TASK TO CARRY OUT.
When copying the data below, keep only the lines from the one with "Gold / 5 MM" through the one with "Gartensofa 2-Sitzer Rattan", word for word, and skip the pictures.

SOURCE MATERIAL.

= = = = = = =

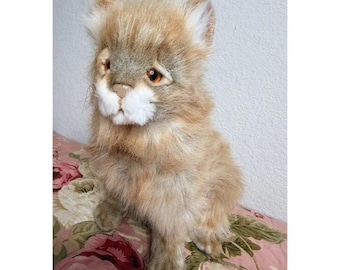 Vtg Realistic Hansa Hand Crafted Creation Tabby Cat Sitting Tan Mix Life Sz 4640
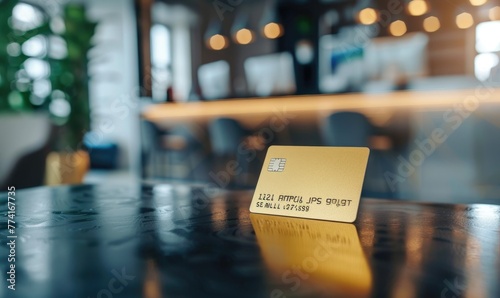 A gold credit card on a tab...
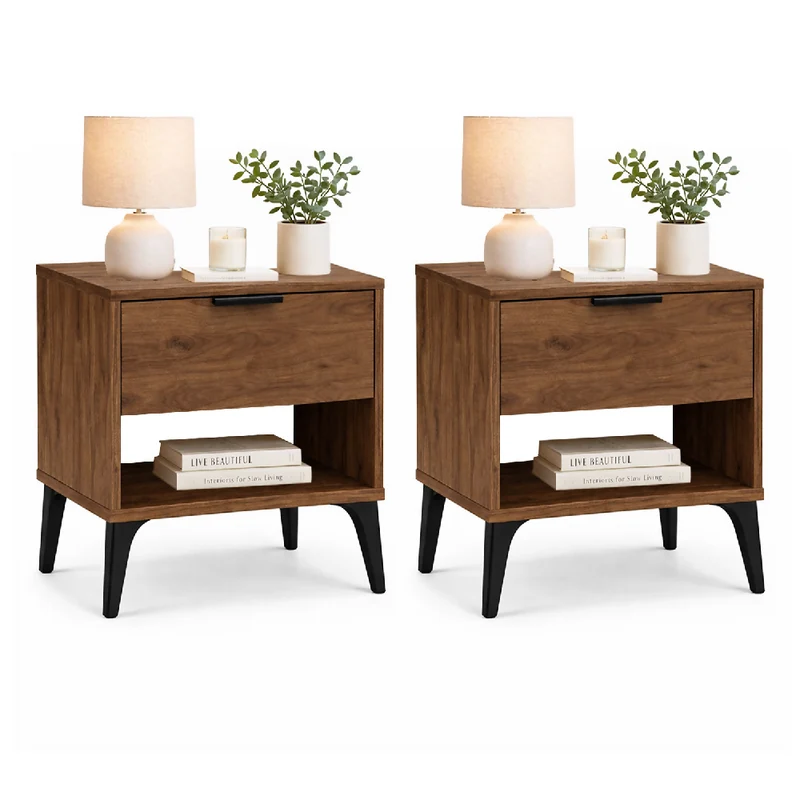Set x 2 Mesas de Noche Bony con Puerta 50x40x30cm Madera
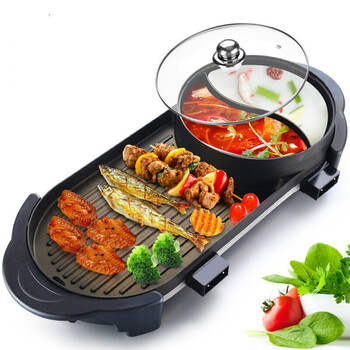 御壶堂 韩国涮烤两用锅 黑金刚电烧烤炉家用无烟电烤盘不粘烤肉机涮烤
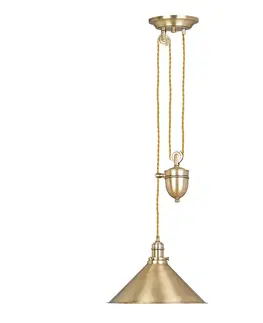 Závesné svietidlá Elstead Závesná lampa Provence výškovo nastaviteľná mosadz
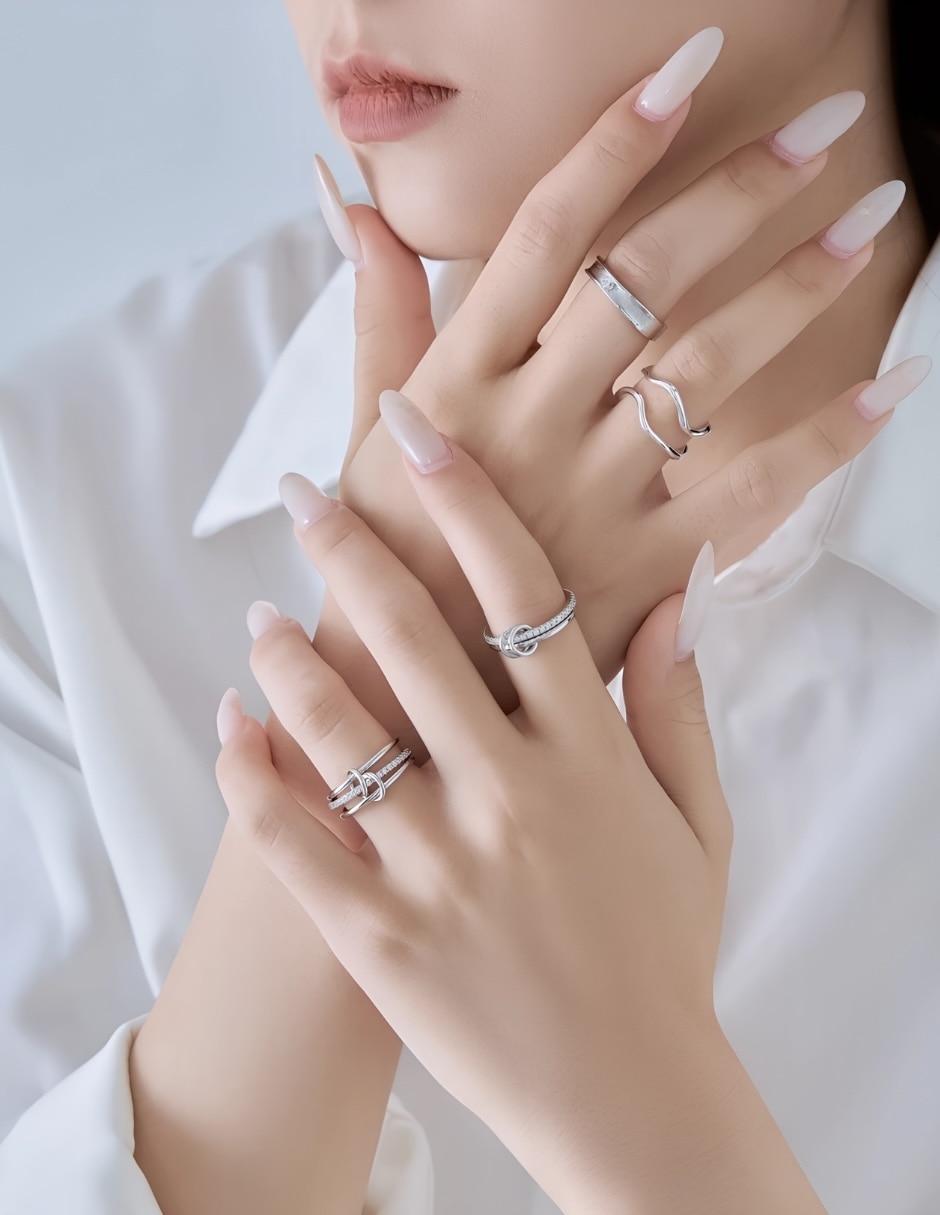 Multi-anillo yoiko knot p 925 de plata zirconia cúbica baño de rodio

= = = = = = =

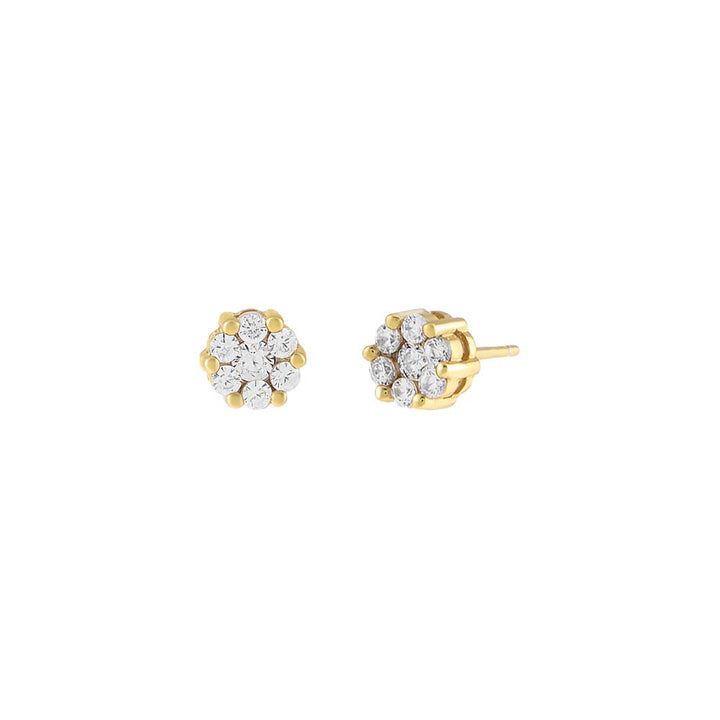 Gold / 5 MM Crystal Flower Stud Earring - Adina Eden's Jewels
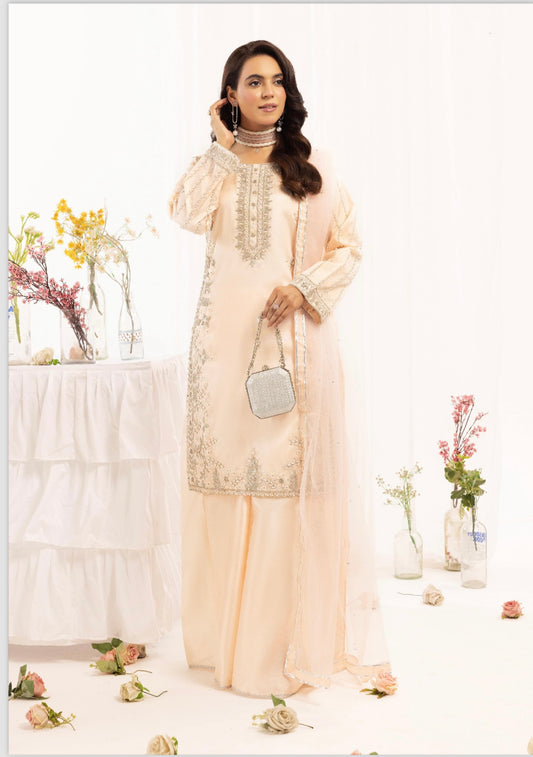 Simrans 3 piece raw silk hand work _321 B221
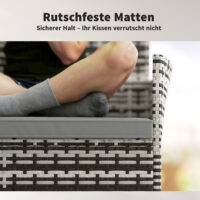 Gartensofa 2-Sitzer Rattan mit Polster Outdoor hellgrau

= = = = = = =

TASK OUTPUT.
 Gold / 5 MM Crystal Flower Stud Earring - Adina Eden's Jewels
 Simrans 3 piece raw silk hand work _321 B221
 Gartensofa 2-Sitzer Rattan mit Polster Outdoor hellgrau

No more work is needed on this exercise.